Secondary buyouts don’t always get great press. The practice of GPs buying companies from each other – something that’s becoming increasingly common as managers come under pressure to put money to work  – is sometimes referred to dismissively as “pass-the-parcel” buyouts. 

Some LPs argue that it’s hard for managers to get a good deal this way. As Paul Newsome, executive director and head of private equity investments at Unigestion, puts it: “Due to the competitive nature of the private equity market, attractively priced secondary buyouts with room for material upside coupled with limited downside are a rarity.”

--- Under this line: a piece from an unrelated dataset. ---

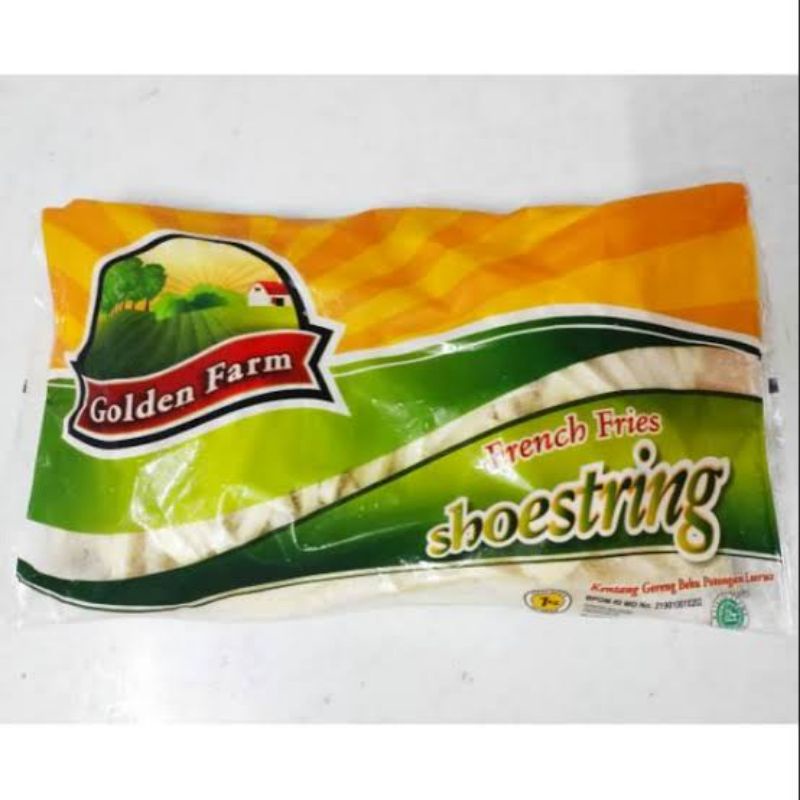 Jual Golden Farm Kentang Goreng Shoestring Gr Indonesia Shopee Indonesia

Which is why the results of a new study by the Boston Consulting Group are interesting. The consultancy compared returns from a sample of 225 European private equity deals, and concluded that the median annual return on secondary transactions was actually higher than on primary deals – 24 percent compared to 20 percent. What’s more, these deals tended to be less risky, too.

The study also suggested that M&A was central to the success of a secondary deal. Within the sample set, the median return from secondary deals where there were add-on acquisitions was 25 percent – compared with 15 percent when there was not. 

This is not surprising, says Patrick Knechtli, partner at SL Capital Partners. As there may be less for secondary buyers to do in terms of ‘easy fixes’ or professionalisation, he argues, buy-and-build will often be part of their strategy to grow a business.